* REQUIRED WORK *
Below are lines of records; copy exactly those from the one containing "This is a demonstration" through the one containing "Let's go to", leaving the pictures behind.

* MATERIAL FOR THE TASK *

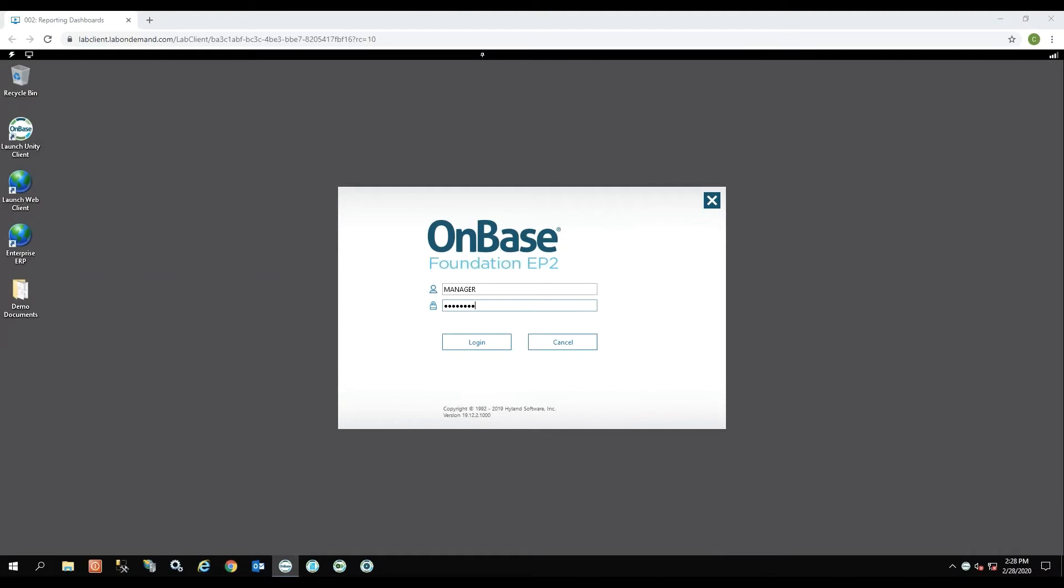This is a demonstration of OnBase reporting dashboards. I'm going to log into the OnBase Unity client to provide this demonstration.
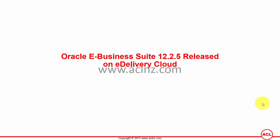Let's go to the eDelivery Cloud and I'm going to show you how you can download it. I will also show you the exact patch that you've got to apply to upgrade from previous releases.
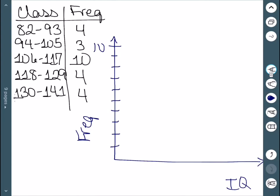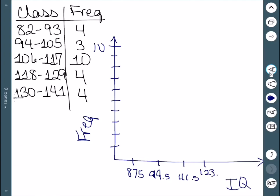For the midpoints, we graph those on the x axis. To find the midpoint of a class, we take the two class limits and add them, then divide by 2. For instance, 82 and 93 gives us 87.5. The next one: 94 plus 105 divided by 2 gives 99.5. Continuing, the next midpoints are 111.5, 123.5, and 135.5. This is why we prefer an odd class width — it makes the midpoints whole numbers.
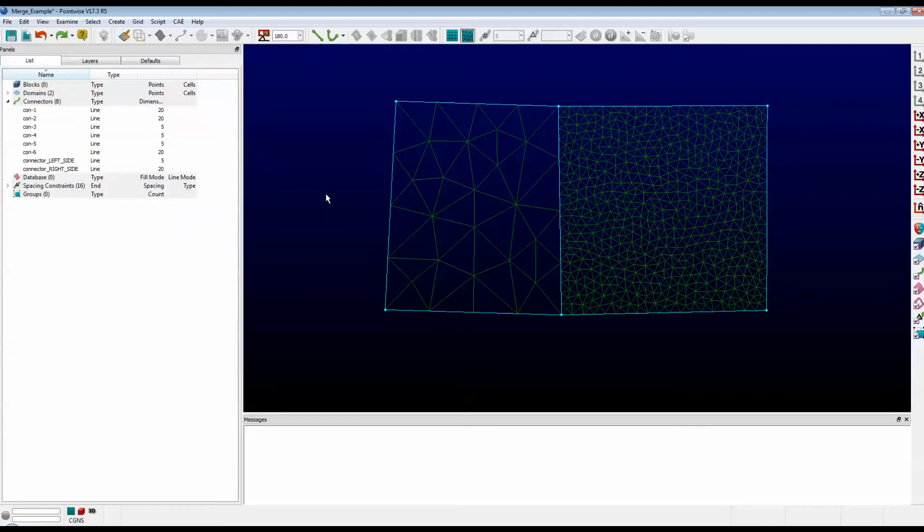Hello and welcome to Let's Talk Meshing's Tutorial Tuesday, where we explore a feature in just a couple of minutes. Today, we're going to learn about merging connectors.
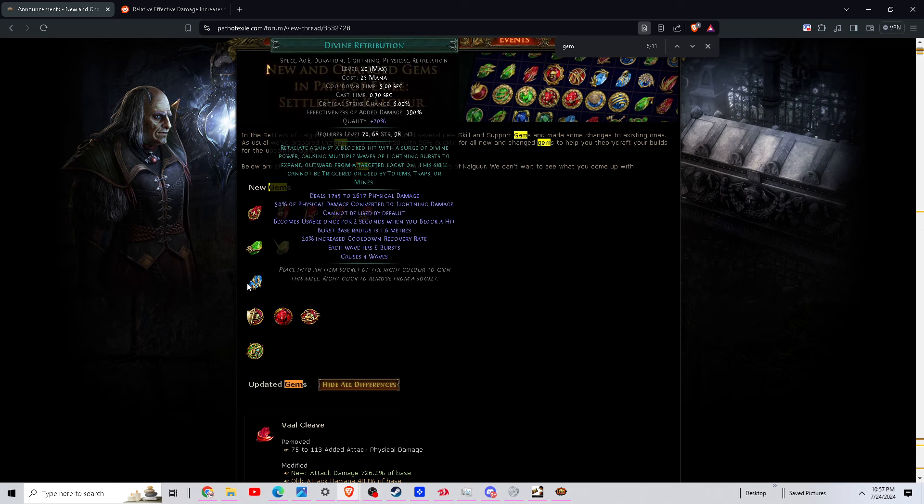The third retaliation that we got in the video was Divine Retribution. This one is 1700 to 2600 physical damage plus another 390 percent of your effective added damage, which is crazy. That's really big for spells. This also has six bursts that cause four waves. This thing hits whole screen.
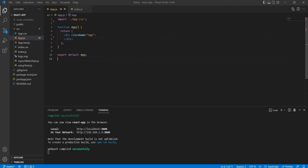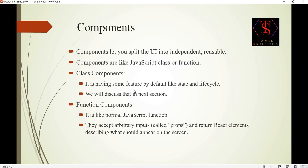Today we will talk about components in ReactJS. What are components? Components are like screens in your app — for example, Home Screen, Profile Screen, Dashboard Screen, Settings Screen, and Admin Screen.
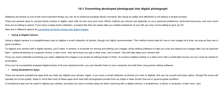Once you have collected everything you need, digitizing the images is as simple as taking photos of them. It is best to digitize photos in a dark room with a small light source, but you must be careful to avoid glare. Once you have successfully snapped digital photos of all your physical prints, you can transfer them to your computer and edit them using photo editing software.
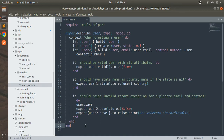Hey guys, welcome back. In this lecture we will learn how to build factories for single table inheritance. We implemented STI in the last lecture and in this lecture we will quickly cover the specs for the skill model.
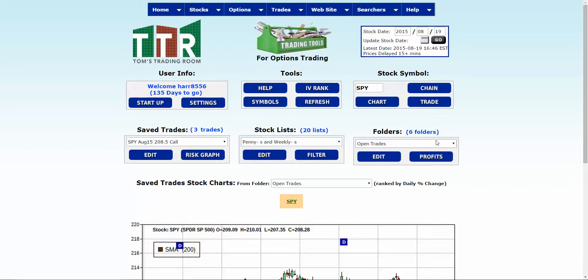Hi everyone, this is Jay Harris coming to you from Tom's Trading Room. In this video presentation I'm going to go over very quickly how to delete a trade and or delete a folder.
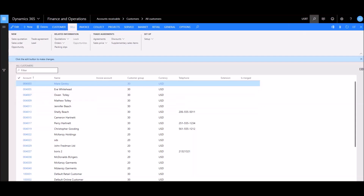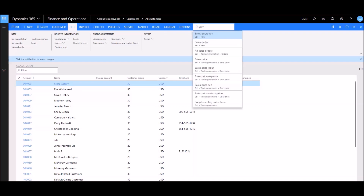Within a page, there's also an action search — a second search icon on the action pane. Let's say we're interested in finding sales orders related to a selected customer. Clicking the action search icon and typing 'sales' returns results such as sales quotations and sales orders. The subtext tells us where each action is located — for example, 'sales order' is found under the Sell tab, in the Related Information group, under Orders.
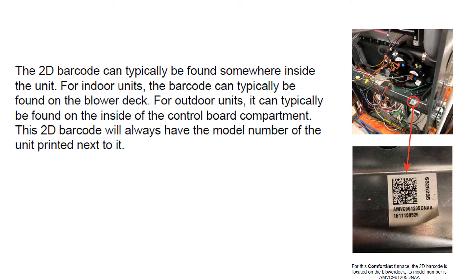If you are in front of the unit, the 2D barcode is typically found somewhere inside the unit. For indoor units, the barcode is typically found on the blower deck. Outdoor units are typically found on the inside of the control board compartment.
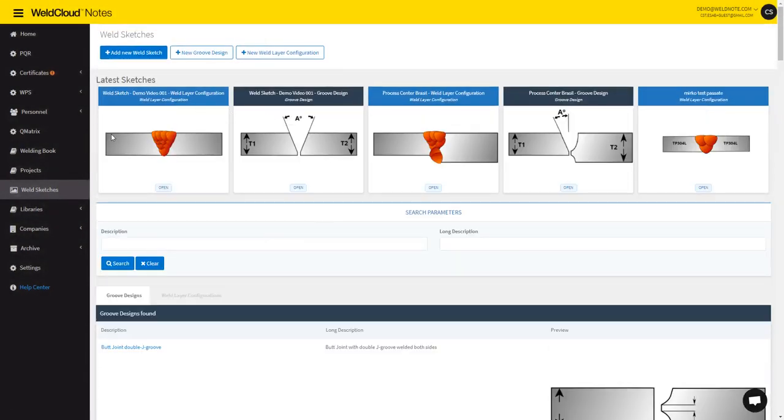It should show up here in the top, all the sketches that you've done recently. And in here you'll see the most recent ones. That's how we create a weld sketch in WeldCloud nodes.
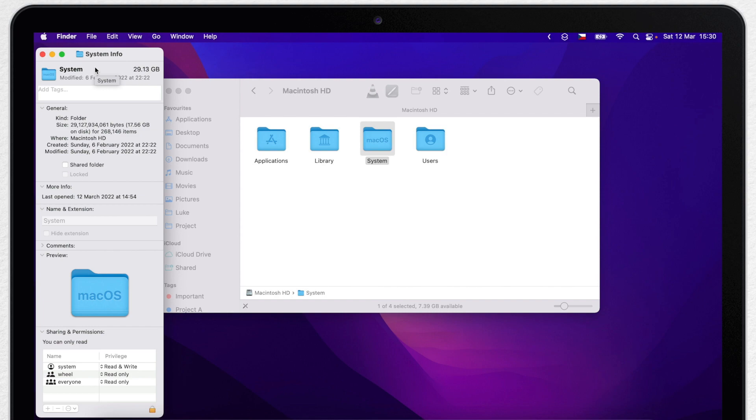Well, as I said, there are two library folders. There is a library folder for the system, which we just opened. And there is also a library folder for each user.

...

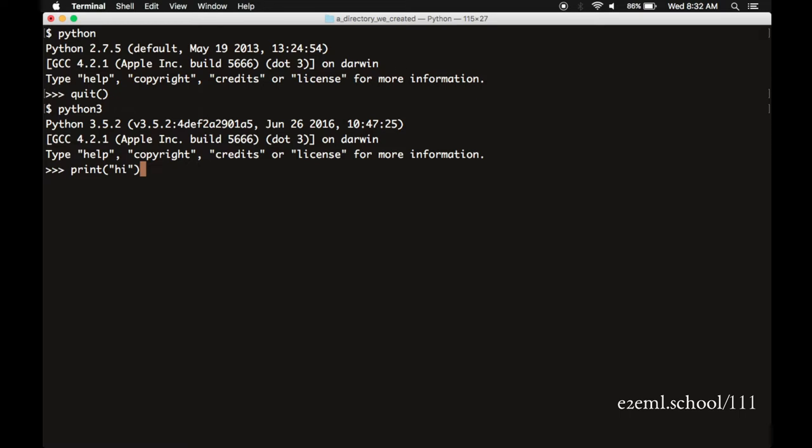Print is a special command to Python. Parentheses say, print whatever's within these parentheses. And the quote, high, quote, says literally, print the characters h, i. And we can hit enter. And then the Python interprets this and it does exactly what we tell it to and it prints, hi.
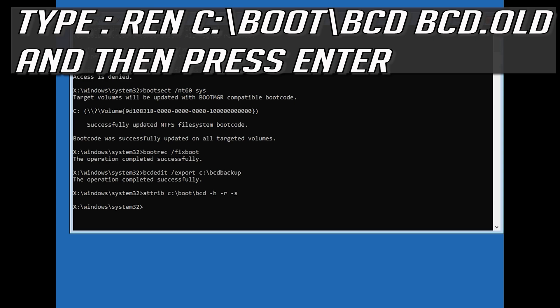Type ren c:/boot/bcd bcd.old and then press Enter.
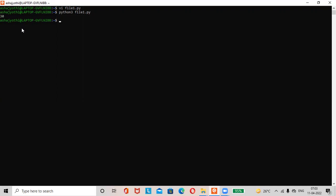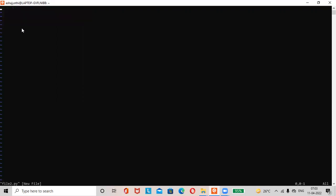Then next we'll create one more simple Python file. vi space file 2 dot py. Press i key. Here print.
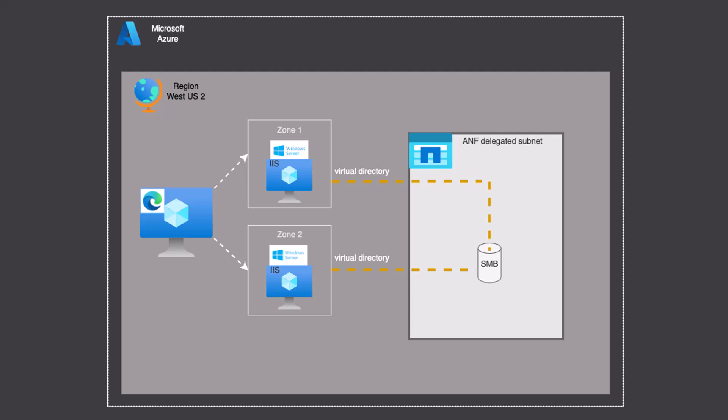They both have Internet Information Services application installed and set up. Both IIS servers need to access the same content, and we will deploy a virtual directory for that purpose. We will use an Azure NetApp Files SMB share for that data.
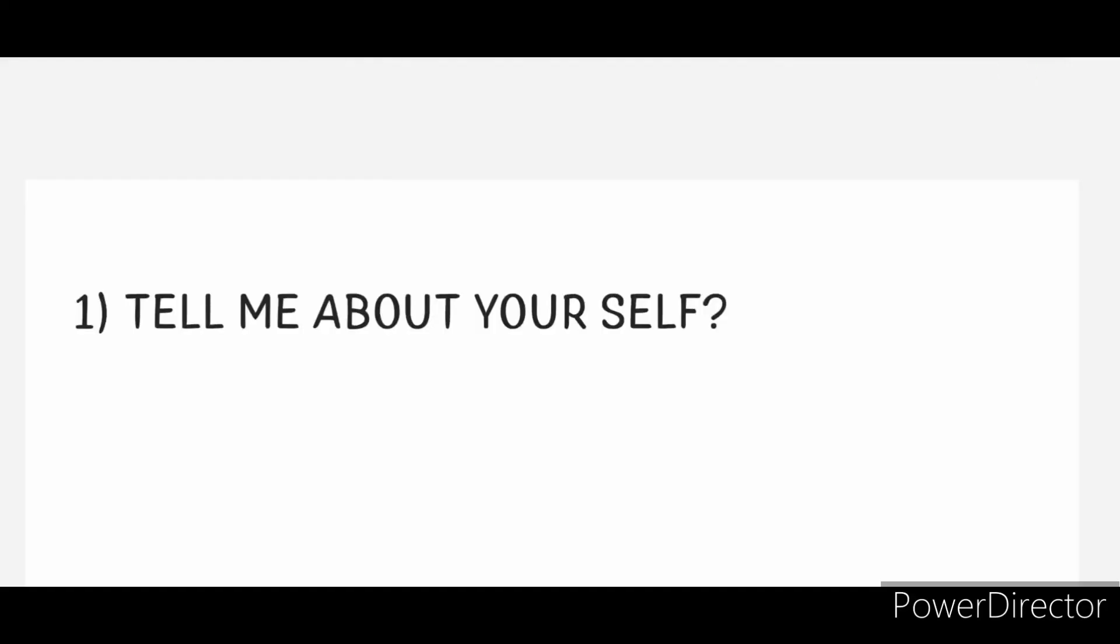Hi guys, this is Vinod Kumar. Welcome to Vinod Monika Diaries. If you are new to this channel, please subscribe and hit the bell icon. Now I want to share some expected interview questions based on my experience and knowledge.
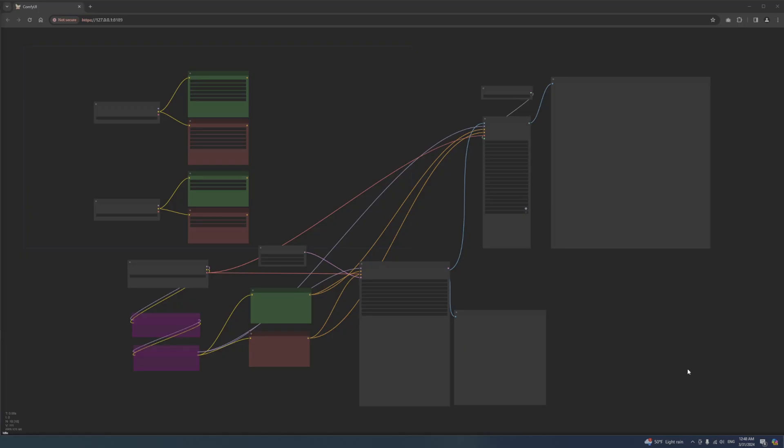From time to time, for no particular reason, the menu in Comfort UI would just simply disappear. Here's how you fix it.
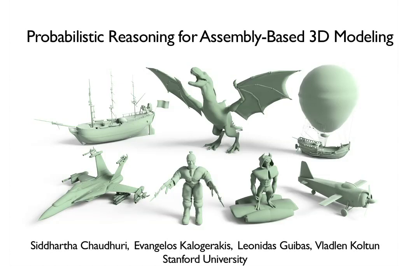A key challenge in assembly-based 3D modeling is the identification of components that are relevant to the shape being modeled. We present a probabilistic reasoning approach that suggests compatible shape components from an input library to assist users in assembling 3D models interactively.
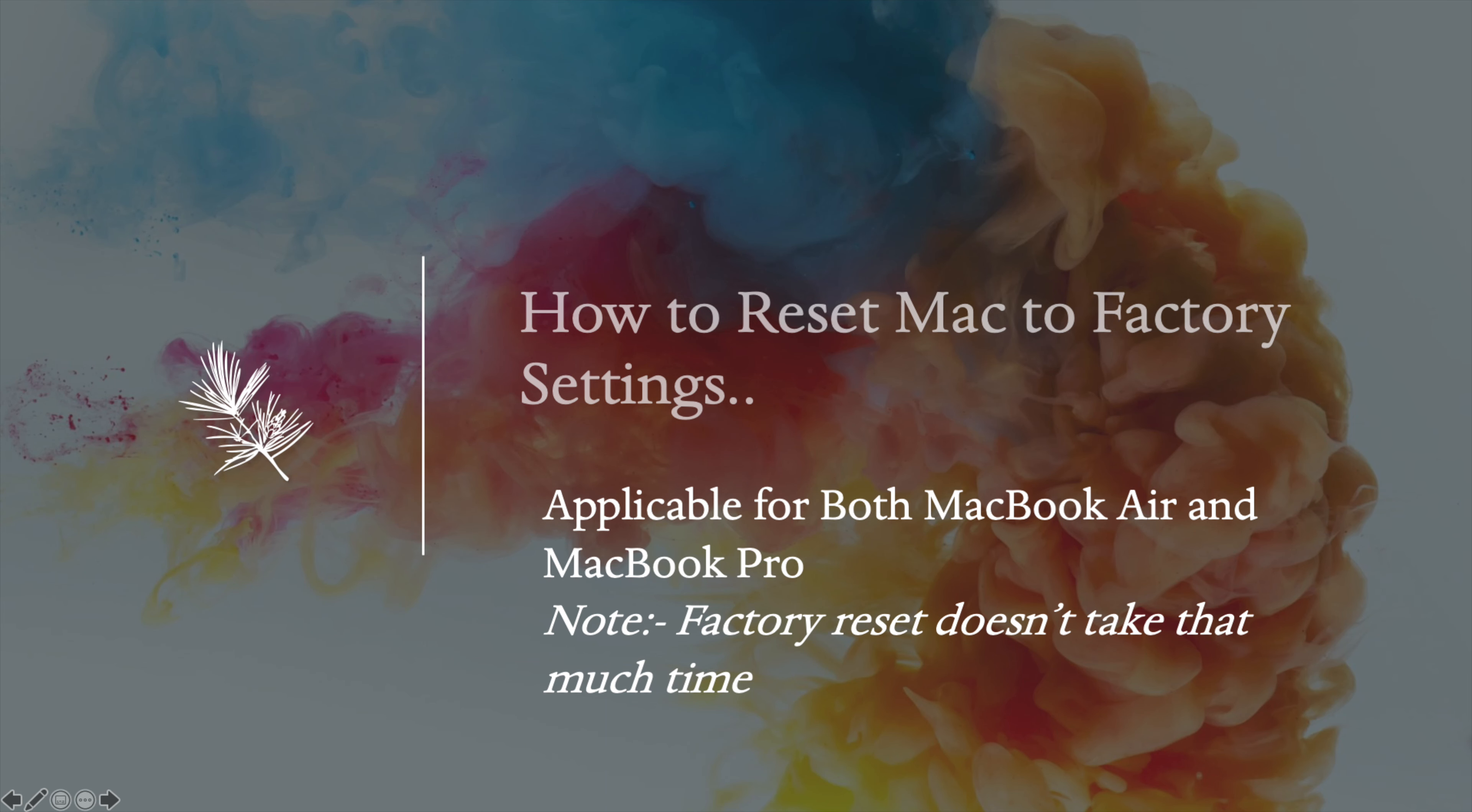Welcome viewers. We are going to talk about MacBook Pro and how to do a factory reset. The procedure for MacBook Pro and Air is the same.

* WRITTEN RESPONSE *
This is a demonstration of OnBase reporting dashboards. I'm going to log into the OnBase Unity client to provide this demonstration.
Let's go to the eDelivery Cloud and I'm going to show you how you can download it. I will also show you the exact patch that you've got to apply to upgrade from previous releases.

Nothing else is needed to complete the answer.